En cuanto a la historia, Benjamín acuñó el concepto de tiempo-ahora, basado en la tradición judía y opuesto al tiempo histórico que avanza sin pausa hacia el futuro a lomos del progreso. Es un tiempo pleno que, para la tradición hebraica, deja «una pequeña puerta por la que puede entrar el Mesías». Para Benjamin, es teología. Para Tolstói, era el instante eterno en el que el alma se reencontraba con el espíritu universal, al que a veces personaliza. Para el budismo es la Iluminación, el sentimiento de unidad con el universo. Dios tardó mucho en morirse, si alguna vez lo hizo, pero los diversos modos de suspender el yo, su poder y su historia han recorrido el planeta y sus farmacopeas desde hace milenios.
Benjamin convierte su tiempo-ahora en un concepto central de su teoría de la experiencia y le da una aplicación crucial en su crítica revolucionaria de la modernidad, cuyo objetivo no es alcanzar paraísos sino evitar «lo peor», que intuye llegará en años venideros. Así distingue vivencia y experiencia. La vivencia, o shock, es inmediata, efímera y reemplazable de inmediato por otra. Fascina y es un vehículo inmejorable para la propaganda, la publicidad, el frenesí del consumo o el bombardeo de información. Crece en paralelo al desarrollo técnico y empobrece al ser humano. El berlinés ya lo vio; el siglo XXI lo soporta como una losa.
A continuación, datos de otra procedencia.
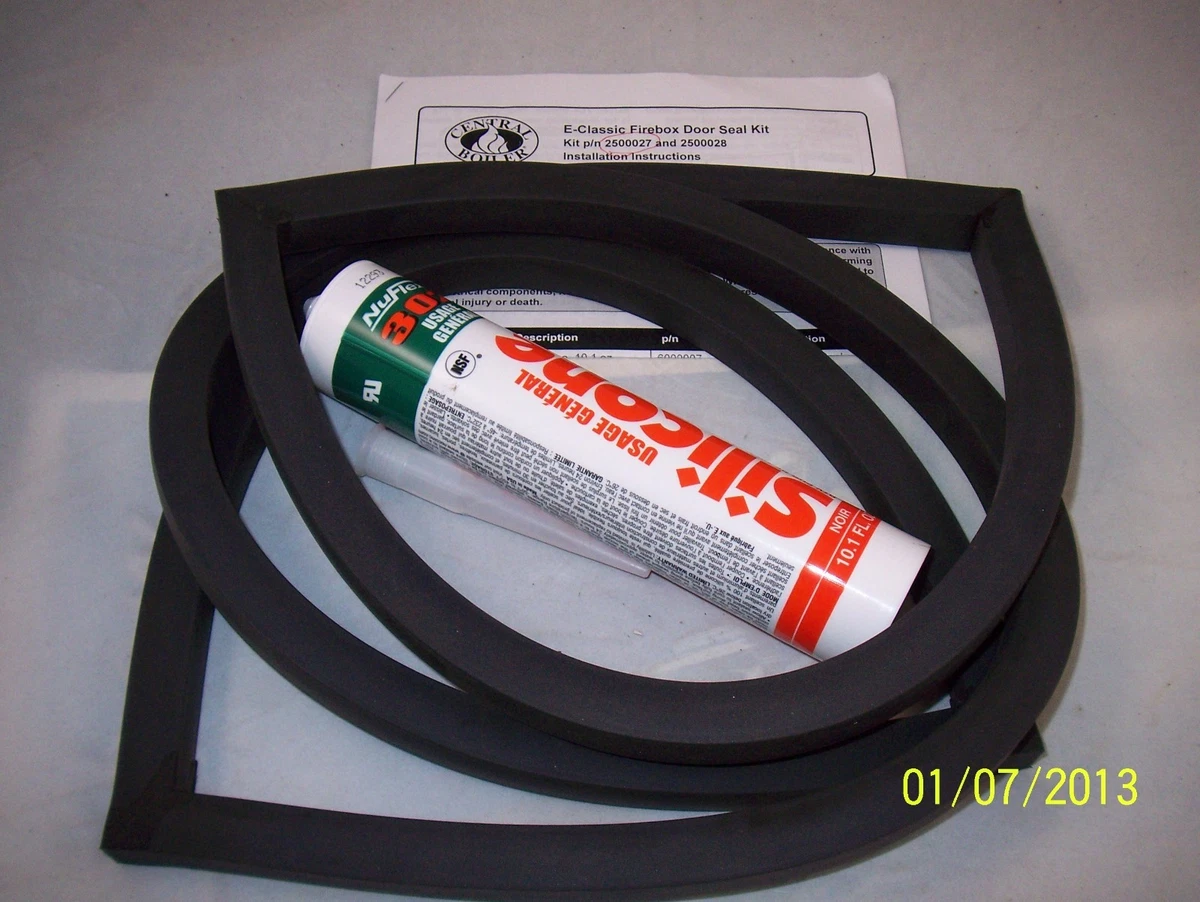 Door Seal Kit Central Boiler E-CLASSIC 2300, E-2400, E-3200 w/ Silicone  u0026amp; Instru | eBay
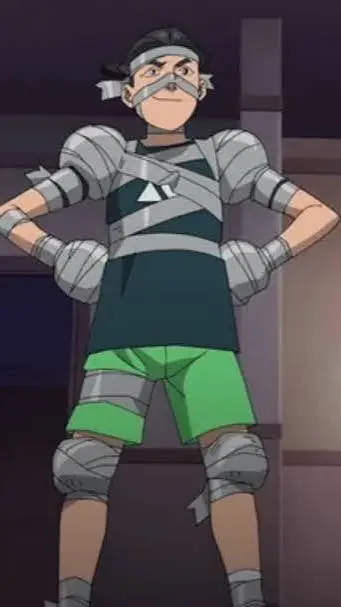 ai character: Duct Tape Man background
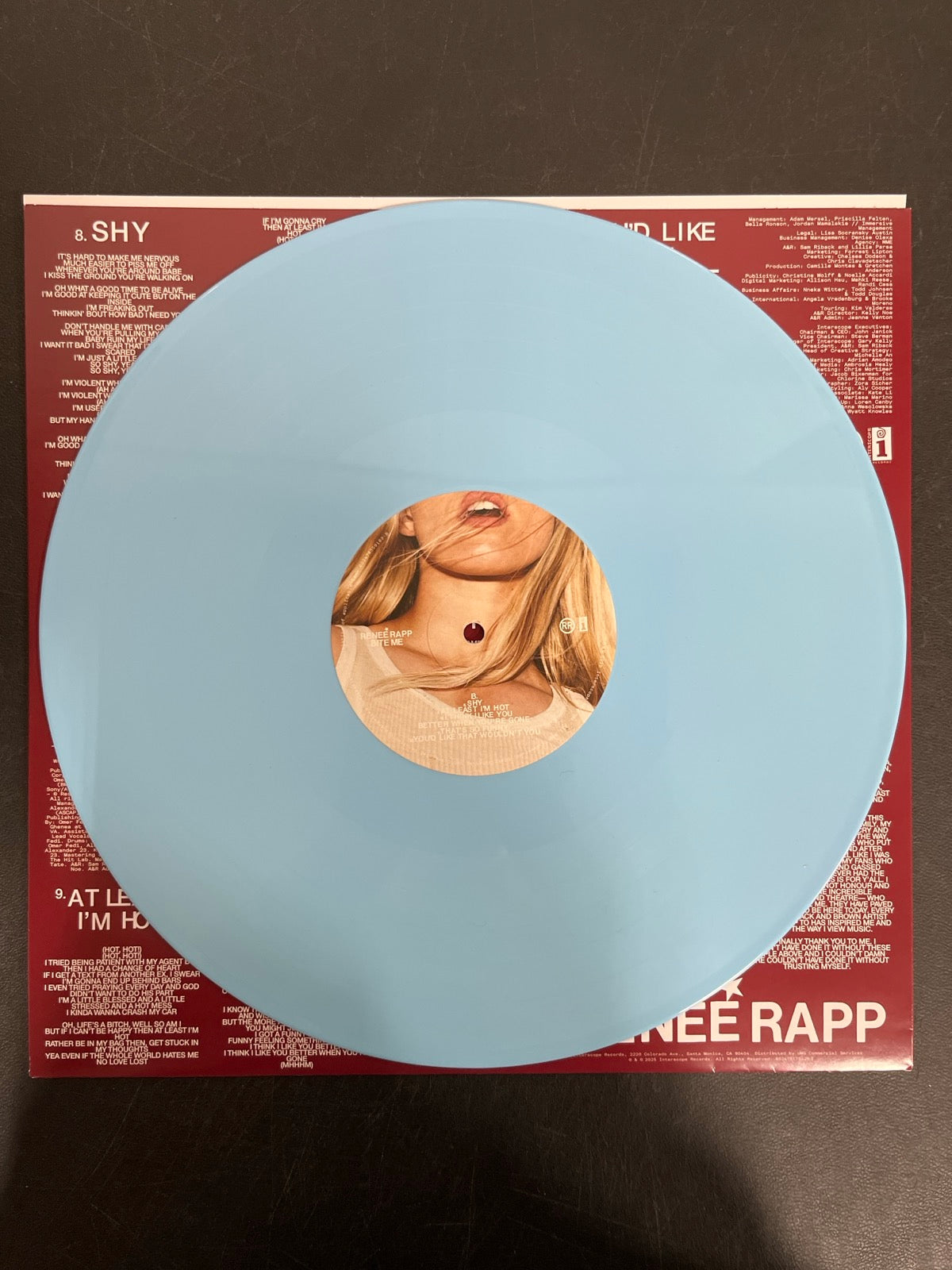 VINYL_1B - Reneé Rapp - Bite Me LE Baby Blue Vinyl USED NOT TESTED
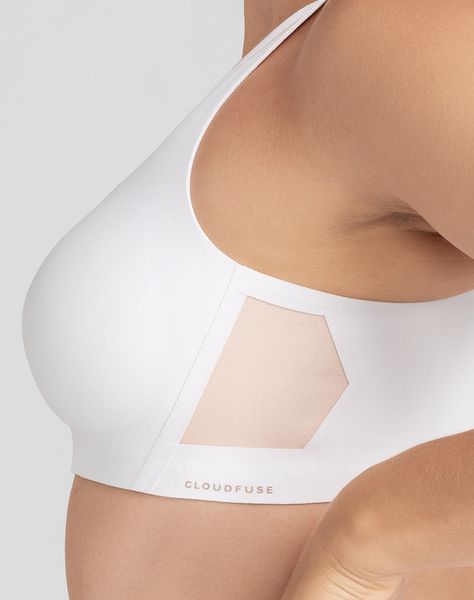 The ultimate bra for everyday activities and moderate-to-high impact workouts. It's more comfortable than your sports bra and more supportive than your everyday bra. Silicone cushioned band and smoothing wing provide 360 smoothing. Adjustable straps and hook and eye attachment make it easy to put on. CrossFlex Activity Bra for Women in Astral (White)Size: XS+ Bra For Women, Shapewear Tops, Cami Bodysuit, Everyday Bra, Everyday Activities, Put On, Adjustable Straps, Sports Bra, Size Medium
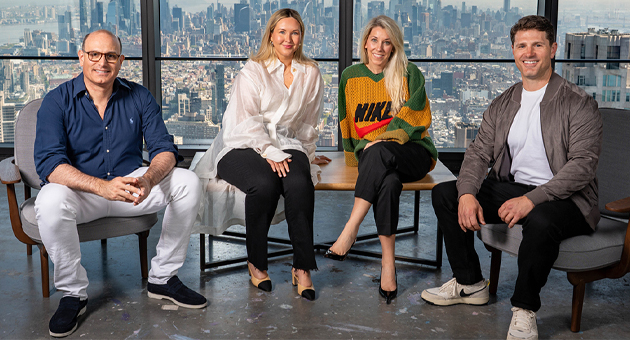 Ogilvy beteiligt sich an Article 41 und macht Vickie Segar zur Global Chief Sports & Entertainment Officer - WPP beteiligt sich an Article 41 und stellt neue Führungsriege vor (v.li.): Laurent Ezekiel, Meredith Allen, Vicky Segar und Ben Gildin - Foto: Ogilvy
Por el contrario, la experiencia, que Benjamin estima en trance de extinción y relaciona con el concepto de aura, es una relación singular e irrepetible del sujeto con los objetos y se produce en el tiempo-ahora. ¿Qué es el aura? Así lo explica el pensador en uno de sus últimos grandes trabajos, La obra de arte en la época de su reproductibilidad técnica (1935): «Descansar en un atardecer de verano y seguir con la mirada una cordillera en el horizonte o una rama que arroja su sombra sobre el que reposa, eso es aspirar el aura de esas montañas, de esa rama». En otras palabras: «Llamamos aura a las representaciones que, asentadas en la memoria involuntaria, pugnan por agruparse en torno a un objeto sensible».

De nuevo en la calle
En la dedicatoria de Calle de sentido único, Benjamin proclama que, por haberla abierto en el autor, esa vía lleva el nombre de Asja Lacis, actriz letona que le introducirá en el comunismo bolchevique mientras él la admiraba y amaba. Su interés por el marxismo avanzaba, pues, tan deprisa como sus intentos de fusionarlo con la teología, la teoría del lenguaje y la teoría de la experiencia. De ahí que junto a su proverbial capacidad para detectar el detalle periférico pero significativo, su intuición para abordar cuestiones desde varios puntos de vista complementarios o su tradicional mimo poético a las palabras, aparecen en este libro pasajes políticos de perfil revolucionario.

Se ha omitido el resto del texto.